Furthermore, please check or revise the following:

1)  The highlights and the title mention a few times "nanocomposites" but the paper mainly deals with micron-sized Ni added to SiAlON. The results also show that most grains are more than 0.3nm in size which are strictly "sub-micron" or "micron" (see e.g. 2g) in size. "Nano"  is generally understood to mean <100nm - please revise accordingly

2) In page 4 you mention that you used the Evans (or Palmqvist) method for measuring toughness but you do not mention how you ensured that all pre-existing surface stresses were removed from the surface prior to measuring the maximum crack length around the indentations. Generally this is done by a careful study of how much grinding and polishing is necessary to ensure that the cracks are not affected by pre-existing stresses. Any compressive stresses remaining in the surface will give you artificially shorter cracks which will give you erroneous increase in toughness. This is particularly worrying in the case of S6 and S7 where the densities are very low but the fracture toughness seems very high, even though the samples must contain a lot of porosity and microcracks. Did you try to corroborate these toughness values with another method? Can you see any toughness mechanisms (w.g. crack bridging, fricitional pull-outs etc) which would confirm such high toughness? In any case, the Evans/Palmqvist method is not recommended for materials with a large amount of porosity or flaws, so it should be used only for materials S1-S3.

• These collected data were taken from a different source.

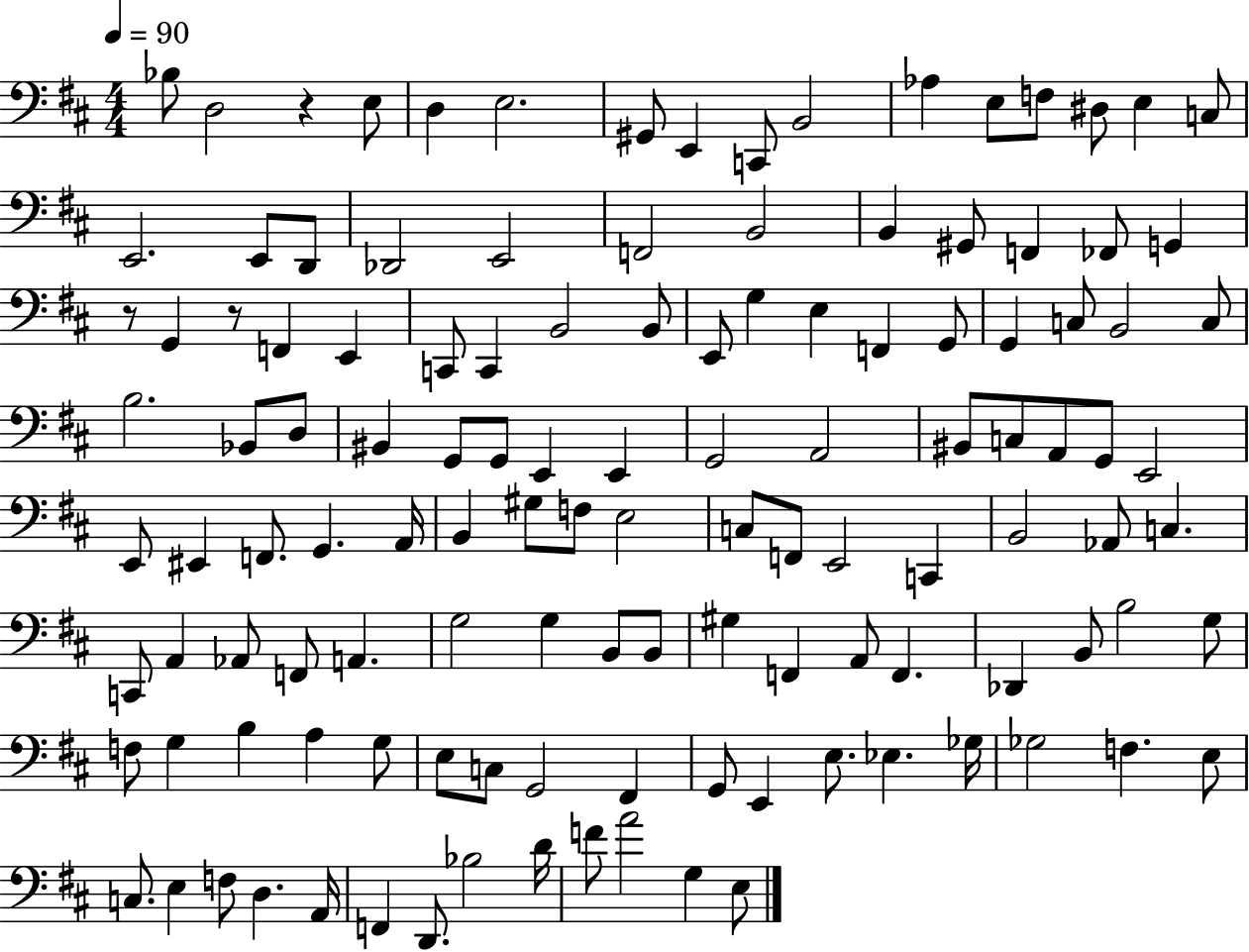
{
  \clef bass
  \numericTimeSignature
  \time 4/4
  \key d \major
  \tempo 4 = 90
  bes8 d2 r4 e8 | d4 e2. | gis,8 e,4 c,8 b,2 | aes4 e8 f8 dis8 e4 c8 | \break e,2. e,8 d,8 | des,2 e,2 | f,2 b,2 | b,4 gis,8 f,4 fes,8 g,4 | \break r8 g,4 r8 f,4 e,4 | c,8 c,4 b,2 b,8 | e,8 g4 e4 f,4 g,8 | g,4 c8 b,2 c8 | \break b2. bes,8 d8 | bis,4 g,8 g,8 e,4 e,4 | g,2 a,2 | bis,8 c8 a,8 g,8 e,2 | \break e,8 eis,4 f,8. g,4. a,16 | b,4 gis8 f8 e2 | c8 f,8 e,2 c,4 | b,2 aes,8 c4. | \break c,8 a,4 aes,8 f,8 a,4. | g2 g4 b,8 b,8 | gis4 f,4 a,8 f,4. | des,4 b,8 b2 g8 | \break f8 g4 b4 a4 g8 | e8 c8 g,2 fis,4 | g,8 e,4 e8. ees4. ges16 | ges2 f4. e8 | \break c8. e4 f8 d4. a,16 | f,4 d,8. bes2 d'16 | f'8 a'2 g4 e8 | \bar "|."
}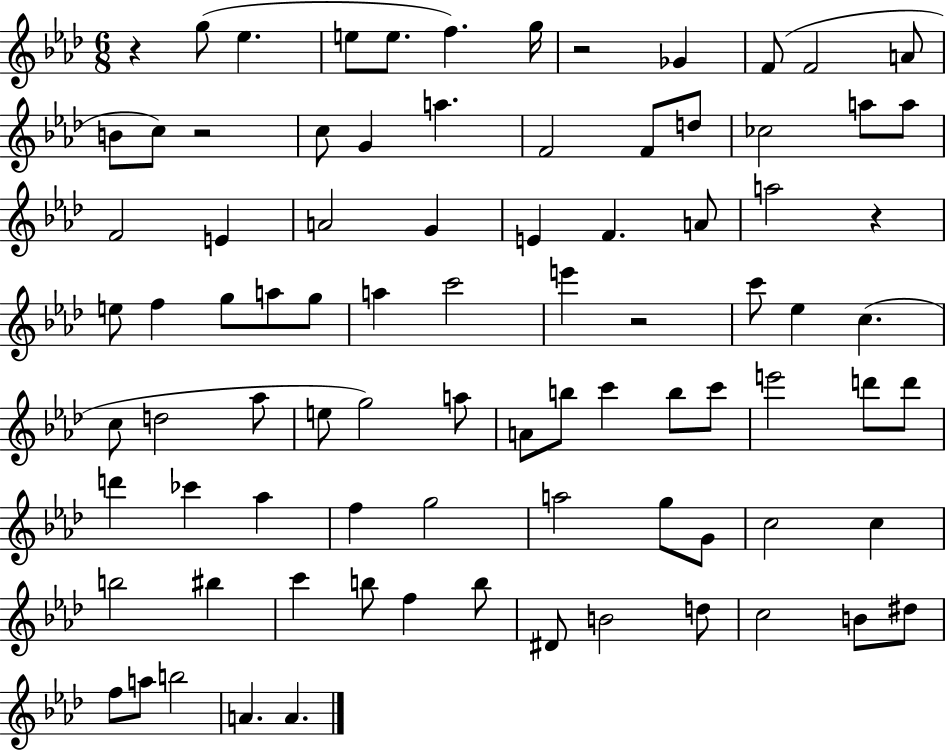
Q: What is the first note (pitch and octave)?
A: G5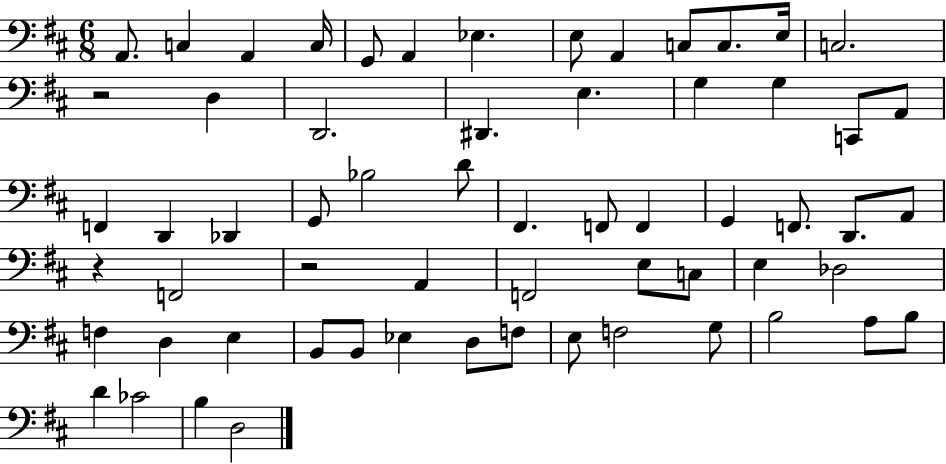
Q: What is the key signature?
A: D major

3) In lines 144-145, you say that the "...nickel particles can be seen uniformly distributed throughout the sialon matrix..." but the photos in figures 3a and 3b indicate the opposite, i.e. the distribution is not uniform.. Can you justify this statement quantitatively?

4) In page 10 you mention that you observed no reaction between the SiAlON and the Ni particles even at 1550C. This is very surprising especially since there is a liquid phase present at lower temperatures and Ni is quite reactive. Did you check whether the Ni particles were oxidized? Please expalin these results as they are not easy to accept.

5) Please give some explanation of how do the thermal conductivity and thermal expansion results remain approximately constant even though the relative density decreases so much (i.e. the porosity increases substantially)

6) In lines 250-252 you mention that Figure 2b shows crack blunting, but this is not evident from that photo. Please give a higher magnification photo showing some micromechanisms of energy dissipation to support your results.

Author Response


Author Response File: Author Response.pdf

Round 2

Reviewer 1 Report

Dear Authors,

Thank you for considering my comments.
I accept this manuscript in present form and propose to publish it in Nanomaterials.

Reviewer 3 Report

There is still some confusion regrading the effect of Ni additions on the fracture toughness.

In your figure 6, Ni inclusions are clearly NOT adhering to the matrix, therefore they can, at most, be responsible for a small increase in toughness only indirectly, by encouraging crack wandering, as you correctly state "Cracks gets deflected and blunted when reaching a ceramic-metal interface due to the difference between the abilities to deform a ductile inclusion and a brittle matrix".

But your sentence "In this study, the presence of nickel in voids between the sialon grains is thought to improve the bonding of the grains within the ceramic matrix at the interface and this results in the improvement in fracture toughness values" is NOT supported by your results.

Looking at your results, I'm afraid I can only conclude that your perceived increased fracture toughness can only be ascribed at your inadequate preparation of your surface which did not eliminate the compressive stresses that always occur on the surface of such materials after cutting, grinding.

The only way to be sure that fracture toughness has increased is either by carefully preparing the surface till all compressive stresses have been eliminated or by by measuring it with a direct method, e.g. SENB or by looking at energy dissipation during bending tests.